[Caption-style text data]

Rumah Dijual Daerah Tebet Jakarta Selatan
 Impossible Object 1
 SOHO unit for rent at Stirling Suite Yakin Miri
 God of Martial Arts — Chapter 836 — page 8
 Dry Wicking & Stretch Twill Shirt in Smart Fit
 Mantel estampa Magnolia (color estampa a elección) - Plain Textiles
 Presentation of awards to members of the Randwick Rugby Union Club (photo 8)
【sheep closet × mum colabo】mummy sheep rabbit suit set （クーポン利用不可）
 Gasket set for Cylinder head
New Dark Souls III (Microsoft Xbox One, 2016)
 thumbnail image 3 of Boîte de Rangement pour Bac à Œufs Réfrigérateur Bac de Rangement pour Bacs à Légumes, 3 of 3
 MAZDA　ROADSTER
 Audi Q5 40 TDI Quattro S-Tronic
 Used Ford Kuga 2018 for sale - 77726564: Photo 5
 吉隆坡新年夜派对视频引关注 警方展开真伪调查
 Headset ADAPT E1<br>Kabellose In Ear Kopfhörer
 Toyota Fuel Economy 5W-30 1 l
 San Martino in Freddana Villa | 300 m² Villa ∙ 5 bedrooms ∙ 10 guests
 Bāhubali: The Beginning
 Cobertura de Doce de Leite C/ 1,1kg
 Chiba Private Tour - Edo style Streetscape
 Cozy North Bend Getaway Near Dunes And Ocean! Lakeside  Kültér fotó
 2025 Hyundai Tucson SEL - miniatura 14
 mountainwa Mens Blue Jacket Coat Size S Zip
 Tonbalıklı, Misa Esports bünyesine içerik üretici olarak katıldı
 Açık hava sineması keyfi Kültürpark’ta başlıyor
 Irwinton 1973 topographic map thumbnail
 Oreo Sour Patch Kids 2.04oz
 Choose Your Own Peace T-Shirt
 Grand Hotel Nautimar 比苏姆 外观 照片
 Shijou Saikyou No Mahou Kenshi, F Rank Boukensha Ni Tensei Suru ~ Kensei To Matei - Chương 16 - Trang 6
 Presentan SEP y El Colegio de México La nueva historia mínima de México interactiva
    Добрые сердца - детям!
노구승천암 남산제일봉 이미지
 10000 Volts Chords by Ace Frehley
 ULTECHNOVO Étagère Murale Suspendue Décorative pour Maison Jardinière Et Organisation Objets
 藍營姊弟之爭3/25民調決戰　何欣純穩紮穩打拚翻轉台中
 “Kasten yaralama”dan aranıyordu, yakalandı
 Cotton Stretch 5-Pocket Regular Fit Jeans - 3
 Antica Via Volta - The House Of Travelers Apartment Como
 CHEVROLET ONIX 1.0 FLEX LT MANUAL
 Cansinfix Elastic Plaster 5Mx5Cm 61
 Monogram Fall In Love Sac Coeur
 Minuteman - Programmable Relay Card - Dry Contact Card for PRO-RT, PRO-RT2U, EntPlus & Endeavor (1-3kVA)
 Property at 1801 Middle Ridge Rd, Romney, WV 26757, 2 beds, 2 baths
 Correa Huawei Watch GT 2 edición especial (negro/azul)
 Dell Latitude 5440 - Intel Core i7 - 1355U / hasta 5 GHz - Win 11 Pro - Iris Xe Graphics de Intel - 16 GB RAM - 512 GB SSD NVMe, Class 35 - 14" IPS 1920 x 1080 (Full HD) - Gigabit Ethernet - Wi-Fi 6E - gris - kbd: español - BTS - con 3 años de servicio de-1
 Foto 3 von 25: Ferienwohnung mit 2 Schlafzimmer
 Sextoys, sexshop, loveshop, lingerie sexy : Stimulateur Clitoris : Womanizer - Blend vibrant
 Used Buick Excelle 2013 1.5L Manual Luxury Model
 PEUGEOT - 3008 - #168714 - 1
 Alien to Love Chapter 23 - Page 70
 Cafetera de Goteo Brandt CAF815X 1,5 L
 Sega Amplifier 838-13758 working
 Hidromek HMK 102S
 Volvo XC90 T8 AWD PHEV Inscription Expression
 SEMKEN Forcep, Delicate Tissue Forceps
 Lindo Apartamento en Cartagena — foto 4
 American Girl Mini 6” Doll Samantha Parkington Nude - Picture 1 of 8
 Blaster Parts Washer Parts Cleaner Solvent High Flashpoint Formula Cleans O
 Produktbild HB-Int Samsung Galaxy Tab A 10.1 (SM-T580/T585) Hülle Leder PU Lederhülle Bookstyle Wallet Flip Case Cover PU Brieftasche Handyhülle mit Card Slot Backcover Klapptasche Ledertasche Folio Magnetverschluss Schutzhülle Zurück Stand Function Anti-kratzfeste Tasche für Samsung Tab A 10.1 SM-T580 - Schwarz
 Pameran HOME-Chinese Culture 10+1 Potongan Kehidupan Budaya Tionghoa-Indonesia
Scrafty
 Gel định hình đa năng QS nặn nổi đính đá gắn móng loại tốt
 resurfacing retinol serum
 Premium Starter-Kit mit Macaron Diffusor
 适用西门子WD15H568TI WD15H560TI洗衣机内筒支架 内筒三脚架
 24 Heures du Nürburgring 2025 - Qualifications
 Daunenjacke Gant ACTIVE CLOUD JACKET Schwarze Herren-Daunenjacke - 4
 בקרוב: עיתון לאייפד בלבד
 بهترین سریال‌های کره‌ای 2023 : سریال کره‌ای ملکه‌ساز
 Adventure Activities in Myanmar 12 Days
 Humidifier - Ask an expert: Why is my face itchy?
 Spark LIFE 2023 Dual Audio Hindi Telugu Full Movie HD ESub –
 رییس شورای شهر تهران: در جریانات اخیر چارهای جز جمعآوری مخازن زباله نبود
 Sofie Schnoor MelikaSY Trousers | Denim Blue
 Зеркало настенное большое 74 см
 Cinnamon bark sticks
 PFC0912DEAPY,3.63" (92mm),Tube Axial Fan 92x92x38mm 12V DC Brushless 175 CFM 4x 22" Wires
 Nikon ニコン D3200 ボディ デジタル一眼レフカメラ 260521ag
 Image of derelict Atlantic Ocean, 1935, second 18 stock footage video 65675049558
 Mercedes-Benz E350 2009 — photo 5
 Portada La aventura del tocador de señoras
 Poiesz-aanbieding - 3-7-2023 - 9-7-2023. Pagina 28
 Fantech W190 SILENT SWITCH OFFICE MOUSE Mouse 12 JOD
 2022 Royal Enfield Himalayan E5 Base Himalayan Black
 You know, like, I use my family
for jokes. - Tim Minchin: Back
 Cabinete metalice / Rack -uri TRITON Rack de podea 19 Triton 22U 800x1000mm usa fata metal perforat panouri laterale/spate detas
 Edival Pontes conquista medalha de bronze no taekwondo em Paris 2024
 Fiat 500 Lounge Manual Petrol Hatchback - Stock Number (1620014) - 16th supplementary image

**Task to complete**
Above are the records; copy exactly the lines from the line with "Açık hava sineması" through the line with "Blaster Parts Washer", both included.

**Expected answer**
 Açık hava sineması keyfi Kültürpark’ta başlıyor
 Irwinton 1973 topographic map thumbnail
 Oreo Sour Patch Kids 2.04oz
 Choose Your Own Peace T-Shirt
 Grand Hotel Nautimar 比苏姆 外观 照片
 Shijou Saikyou No Mahou Kenshi, F Rank Boukensha Ni Tensei Suru ~ Kensei To Matei - Chương 16 - Trang 6
 Presentan SEP y El Colegio de México La nueva historia mínima de México interactiva
    Добрые сердца - детям!
노구승천암 남산제일봉 이미지
 10000 Volts Chords by Ace Frehley
 ULTECHNOVO Étagère Murale Suspendue Décorative pour Maison Jardinière Et Organisation Objets
 藍營姊弟之爭3/25民調決戰　何欣純穩紮穩打拚翻轉台中
 “Kasten yaralama”dan aranıyordu, yakalandı
 Cotton Stretch 5-Pocket Regular Fit Jeans - 3
 Antica Via Volta - The House Of Travelers Apartment Como
 CHEVROLET ONIX 1.0 FLEX LT MANUAL
 Cansinfix Elastic Plaster 5Mx5Cm 61
 Monogram Fall In Love Sac Coeur
 Minuteman - Programmable Relay Card - Dry Contact Card for PRO-RT, PRO-RT2U, EntPlus & Endeavor (1-3kVA)
 Property at 1801 Middle Ridge Rd, Romney, WV 26757, 2 beds, 2 baths
 Correa Huawei Watch GT 2 edición especial (negro/azul)
 Dell Latitude 5440 - Intel Core i7 - 1355U / hasta 5 GHz - Win 11 Pro - Iris Xe Graphics de Intel - 16 GB RAM - 512 GB SSD NVMe, Class 35 - 14" IPS 1920 x 1080 (Full HD) - Gigabit Ethernet - Wi-Fi 6E - gris - kbd: español - BTS - con 3 años de servicio de-1
 Foto 3 von 25: Ferienwohnung mit 2 Schlafzimmer
 Sextoys, sexshop, loveshop, lingerie sexy : Stimulateur Clitoris : Womanizer - Blend vibrant
 Used Buick Excelle 2013 1.5L Manual Luxury Model
 PEUGEOT - 3008 - #168714 - 1
 Alien to Love Chapter 23 - Page 70
 Cafetera de Goteo Brandt CAF815X 1,5 L
 Sega Amplifier 838-13758 working
 Hidromek HMK 102S
 Volvo XC90 T8 AWD PHEV Inscription Expression
 SEMKEN Forcep, Delicate Tissue Forceps
 Lindo Apartamento en Cartagena — foto 4
 American Girl Mini 6” Doll Samantha Parkington Nude - Picture 1 of 8
 Blaster Parts Washer Parts Cleaner Solvent High Flashpoint Formula Cleans O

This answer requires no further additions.